In terms of cultural impact, we are clearly still only at the beginning of the beginning of an all-pervasive technological revolution that will void of relevance much of the luxury sector's current interests and concerns. What if, in only a few decades, upper and lower social classes evolved into completely different species, as the former is genetically engineered and re-engineered, generation after generation, to become smarter than the competition? The cultural meaning of 'luxury' in such a context would be something quite different to what we have in mind today. The income hierarchy alone would be replaced by something new and much more interesting. The definition of 'being special', of being 'one of the elect', would become so radically changed that luxury brands would acquire a completely different mindset and vocabulary to be understood by their customers.
The core idea behind many of today's luxury brands is to some extent a product of post-Gutenberg modernisation which enabled a commoner to put his good name, as a gentleman and craftsman, to the work he did. Many luxury brands are founded on the achievements of individuals who were both businessmen and artists, whose rise to such respectability would have been unthinkable in a feudal system, where a non-nobleman would simply not have been in a position to even contemplate such greatness outside of the religious sphere. The idea of meritocracy lies at the core of many current luxury brands' first steps. Subsequent tides in modernisation have brought into existence different types of luxury brand, which partly explains why Garrard opened in 18th century London, Boucheron in mid-19th century Paris, and Gucci in early-to-mid-20th century Florence.
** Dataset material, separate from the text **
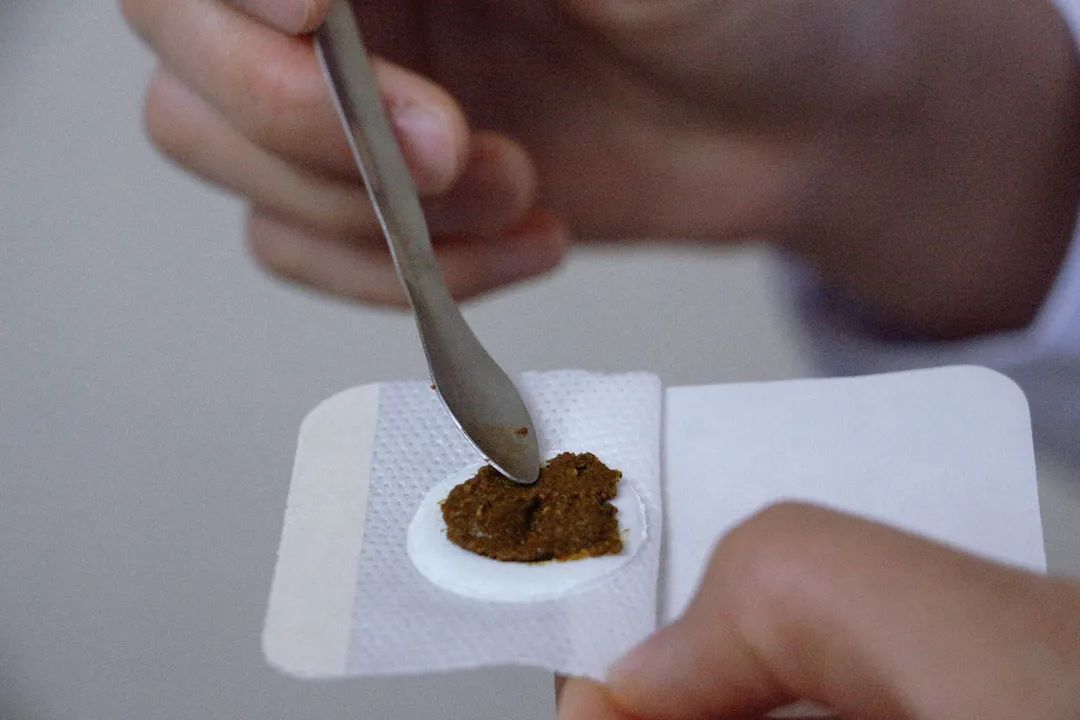 耳鼻喉科穴位贴,耳鼻喉科的三伏贴和儿科三伏贴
Therefore, it is likely that the present idea itself of a luxury brand, its raison d'être, could only exist within a window of opportunity that the next couple of waves of technology will render obsolete. On the other hand, it is likely that technological development over the next 10 or 20 years will present luxury brands with the opportunity to acquire a new meaning that they simply haven't had before.
In this field, like in any other evolutionary system, it is not the strongest that will survive, nor the most intelligent, but the ones most responsive to change.